Table 2. Relationship between the daily duration of different types of activities and subjects’ characteristics at baseline and after weight loss.

The stepwise prediction models showed that, after weight loss, age was the only parameter explaining the variability in the duration of sitting and standing, actively standing, or walking; while the daily duration of sleeping, lying, bicycling and running was not associated with any physical characteristics. No seasonal effect was observed in the regression equations (Table 2). After weight loss the activity behavior significantly changed: subjects spent less time sitting or standing still (−26±90 min/d, P<0.05, standard error [SE] = 11.1 min/d), and more time walking (+11±21 min/d, P<0.001, SE = 2.6 min/d) and bicycling (+4±14 min/d, P<0.05, SE = 1.8 min/d) (Figure 3).

Figure 3. Duration of the types of activity performed at baseline and after weight loss.

Sit-stand; daily duration of sitting and standing still. AS; daily duration of actively standing. (*) or (**); significant difference between baseline and after weight loss (P<0.05 or P<0.001).

According to the doubly-labeled water validated model, the change in AEE not accounted for by body movement, and, therefore, induced by the change in BW was –0.70±0.26 MJ/d (95% CI: from –0.76 to –0.63). The change in AEE induced by the change in body movement, i.e. not accounted for by BW, was +0.10±0.38 MJ/d (95% CI: from 0.004 to 0.19). As a result of the change in both BW and body movement, AEE significantly decreased by 0.60±0.40 MJ/d (95% CI: from –0.70 to –0.50) after weight loss (Figure 4). The doubly-labeled water validated equation was also used to calculate for each subject the amount of activity counts needed to obtain the baseline AEE given a body weight as measured after weight loss. Hence, to compensate for the decrease in AEE due to the change in BW, body movement should have increased by 58±21 kCnts/d (55±29% of the baseline Cnts/d, CI: from 47 to 61%).

Figure 4. Contribution of the change in body weight (BW) and the change in physical activity (PA) to the change in activity energy expenditure (AEE).

(*) or (**); significant difference from zero (P<0.05 or P<0.001).


Weight loss induces a reduction in AEE that hinders from achieving successful weight maintenance. Indeed, high AEE counteracts the decline of lean mass and thereby of metabolic rate which can compensate for the negative impact of poor compliance to a low-caloric diet regime [25]. This study showed a decrease in AEE following weight loss due to the low metabolic cost for carrying a smaller body weight during physical activity.
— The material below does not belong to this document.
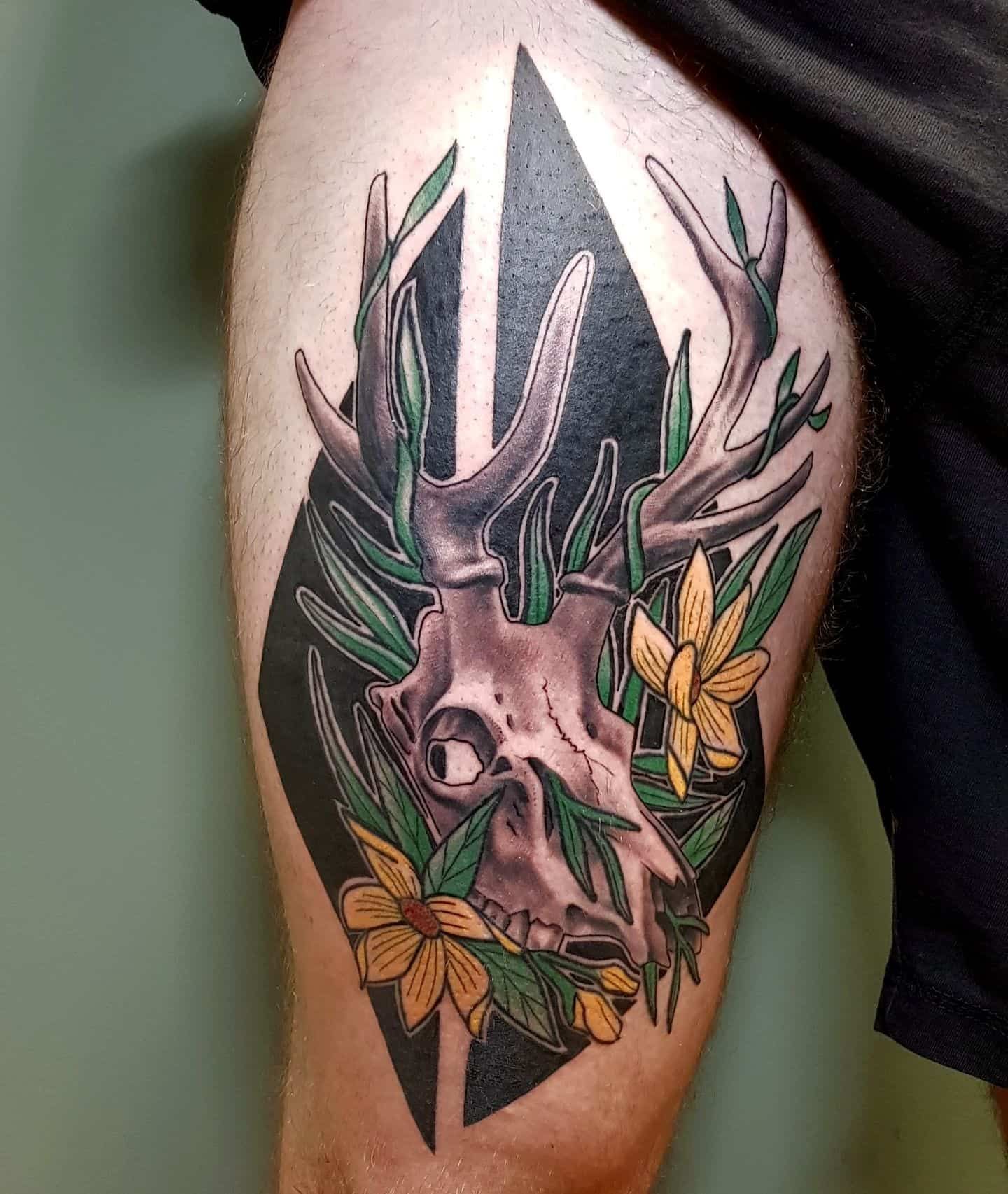 A tattoo on a leg featuring a deer skull surrounded by green leaves and yellow flowers against a black diamond background.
In spite of this observation, a mild increase in physical activity accompanied weight loss. Reduced-obese and overweight subjects spent significantly more time walking and bicycling and less time sedentary. Thus, to preserve AEE weight-reduced subjects should improve their physical activity according to the extent of their loss in weight.

The physical activity measured at baseline and expressed as the amount of body movement was inversely associated with age and BMI. This is in line with other studies showing how physical activity decreases with age [34] and with increasing BMI [35], [36]. After weight loss, the negative effect of BMI on Cnts/d weakened. Similarly, the walking time measured at baseline was negatively associated with BMI but not after weight loss. The duration of walking periods following weight loss exceeded what predicted by age and BMI according to the model developed at baseline (56±29 min/d vs. 49±7 min/d, P<0.05). This reveals that body size can play a significant role in influencing overweight and obese subjects’ engagement in physical activity. To confirm this, the change in activity counts was associated with the amount of weight loss. This may indicate that elevated body weight could result in impaired bodily function, limiting the ability of obese subjects to perform physical tasks. A number of studies have shown how obesity and excess body weight could impose functional limitations, such as overloading the locomotive system during weight-bearing activities [37], in particular during walking [38], which could potentially limit physical activity [27]. Considering that low levels of physical activity play an important role in the development of obesity [39], these findings support the hypothesis that inactivity and the accumulation of body weight might reinforce one another in the process of developing and maintaining the overweight and obese state.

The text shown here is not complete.